08-27-2015 11:31 AM
We have Spark installed via Cloudera Manager on a YARN cluster. It appears there is a classpath.txt file in /etc/spark/conf that include list of jars that should be available on spark's distributed classpath. And spark-env.sh seems to be the on that's exporting this configuration.
It is my understanding that cloudera manager creates the classpath.txt file. I would like how does cloudera manger evaluate the list of jars that go into this file, and is it something that can be controlled through cloudera manager.
09-01-2015 05:55 AM
For adding custom classes to the classpath you should use one of the two following options:
- add them via the command line options
- add them via the config
For the driver you have the option to use: --driver-class-path /path/to/file
Or for the the executor use
In spark-defaults.conf set the two values (or one if you only need it for one side
This can be done through the CM UI.
Depending on the exact thing you are doing you might see limitations of which option you can use.
09-01-2015 06:44 AM
Thank you for your response Wilfred. It sure helps me. However, my question was more towards understanding how classpath.txt file mentioned below is created? Does CM create this file on all nodes, is it something we can configure through CM?
08:42:43 $ ll /etc/spark/conf/
drwxr-xr-x 3 root root 4096 Aug 25 12:28 ./
drwxr-xr-x 3 root root 4096 Aug 25 12:28 ../
-rw-r--r-- 1 root root 29228 Aug 25 12:28 classpath.txt
-rw-r--r-- 1 root root 21 Aug 25 12:28 __cloudera_generation__
-rw-r--r-- 1 root root 550 Aug 25 12:28 log4j.properties
-rw-r--r-- 1 root root 800 Aug 25 12:28 spark-defaults.conf
-rw-r--r-- 1 root root 1122 Aug 25 12:28 spark-env.sh
drwxr-xr-x 2 root root 4096 Aug 25 12:28 yarn-conf/
09-01-2015 07:35 AM
yes CM generates this as part of the gateway (client config). The classpath text file is generated by CM based on the dependencies that are defined in the deployment.
This is not something you can change.
As you can see in the upstream docs we use a form of hadoop free distribution but we still only test this with CDH and the specific dependencies.

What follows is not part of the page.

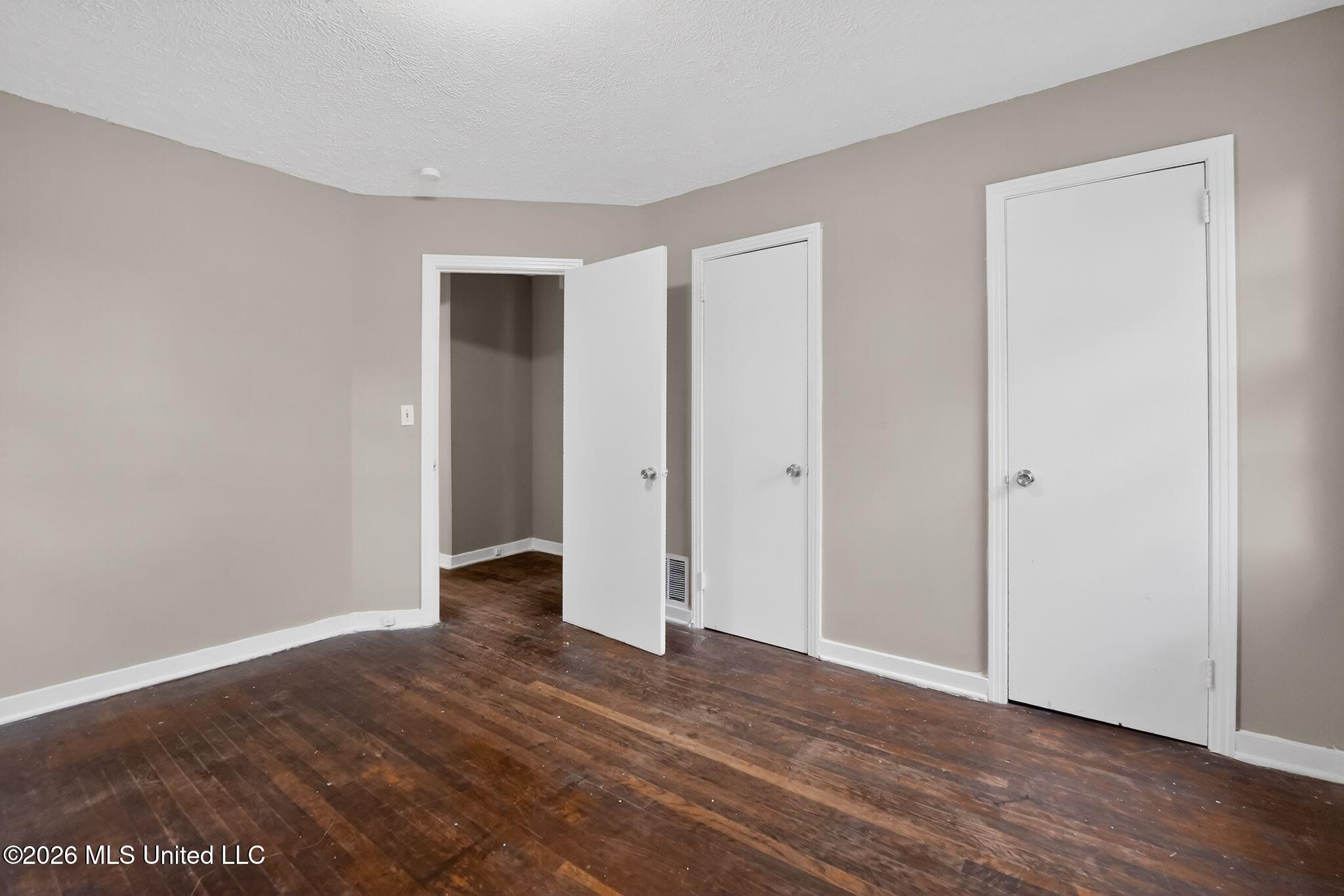 734 Montclair Place Jackson, MS 39206 - Photo 32 of 37 32_734_Montclair_Pl_Jackson_MS_39206-Bed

Does that explain what you are lookign for?
09-01-2015 07:43 AM
Thank you for the quick response, I really appreciate helping me clear my questions.
The answer was exactly what I was looking for. It is automated and users cannot control the elements of classpath.txt file.
Pardon my naive question, but can it pose a problem having different versions of same dependencies on classpath?
09:39:34 $ cat /etc/spark/conf/classpath.txt | grep jersey-server
09-16-2015 06:21 AM
Actually I think i got an issue related to the fact that classpath.txt contains multiple versions of the same jar:
The issue is related to this jira : https://issues.apache.org/jira/browse/SPARK-8332
And on /etc/spark/conf/classpath.txt :
cat /etc/spark/conf/classpath.txt | grep jackson
Somehow the classloader is pointing to the version 2.2.3 of jackson, where the method handledType() of the class BigDecimalDeserializer does not exist.
Similar errors may appears for jersey as well since the api changed a bit inbetween those versions.
Is that a way to solve this kind of issue in a proper way?
02-25-2016 09:30 AM
I have the similar issue as andreF's, we have serval differnt guava in /etc/spark/conf/classpath.txt, do you know how to fix the issue?
Our app needs to use guava-16.0.1.jar, so I add guava-16.0.1.jar into /opt/cloudera/parcels/CDH-5.5.0-1.cdh5.5.0.p0.8/jars/, and add "/opt/cloudera/parcels/CDH-5.5.0-1.cdh5.5.0.p0.8/jars/guava-16.0.1.jar" into /etc/spark/conf/classpath.txt.
However, it doesn't work, spark action in oozie still can not find guava-16.0.1.jar. How does classpath.txt work? Do you know how to manage or modify the classpath.txt manually? Thanks!